» ACTIVITY: From the line containing "Món ăn- Quán Nhậu Dê Núi Ninh Sơn" through the last line, print the records exactly and nothing else.

(Source data)
════
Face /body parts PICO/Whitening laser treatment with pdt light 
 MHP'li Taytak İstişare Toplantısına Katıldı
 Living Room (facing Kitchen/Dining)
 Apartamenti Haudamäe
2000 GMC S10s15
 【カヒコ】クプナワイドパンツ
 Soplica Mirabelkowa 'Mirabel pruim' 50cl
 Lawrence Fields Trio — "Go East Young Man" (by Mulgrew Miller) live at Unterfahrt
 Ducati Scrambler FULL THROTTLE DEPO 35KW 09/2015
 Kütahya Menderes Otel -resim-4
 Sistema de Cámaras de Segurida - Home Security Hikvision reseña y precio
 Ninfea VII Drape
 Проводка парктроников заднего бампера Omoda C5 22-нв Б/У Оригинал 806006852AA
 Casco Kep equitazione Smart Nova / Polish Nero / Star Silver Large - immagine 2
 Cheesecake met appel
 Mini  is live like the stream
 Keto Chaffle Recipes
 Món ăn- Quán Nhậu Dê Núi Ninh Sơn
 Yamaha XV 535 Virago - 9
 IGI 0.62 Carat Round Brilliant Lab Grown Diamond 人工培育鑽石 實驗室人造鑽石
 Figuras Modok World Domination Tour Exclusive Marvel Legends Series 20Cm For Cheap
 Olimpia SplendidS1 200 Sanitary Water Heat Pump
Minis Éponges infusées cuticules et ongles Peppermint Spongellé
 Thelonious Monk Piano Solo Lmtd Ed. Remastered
════
» TASK RESULT:
 Món ăn- Quán Nhậu Dê Núi Ninh Sơn
 Yamaha XV 535 Virago - 9
 IGI 0.62 Carat Round Brilliant Lab Grown Diamond 人工培育鑽石 實驗室人造鑽石
 Figuras Modok World Domination Tour Exclusive Marvel Legends Series 20Cm For Cheap
 Olimpia SplendidS1 200 Sanitary Water Heat Pump
Minis Éponges infusées cuticules et ongles Peppermint Spongellé
 Thelonious Monk Piano Solo Lmtd Ed. Remastered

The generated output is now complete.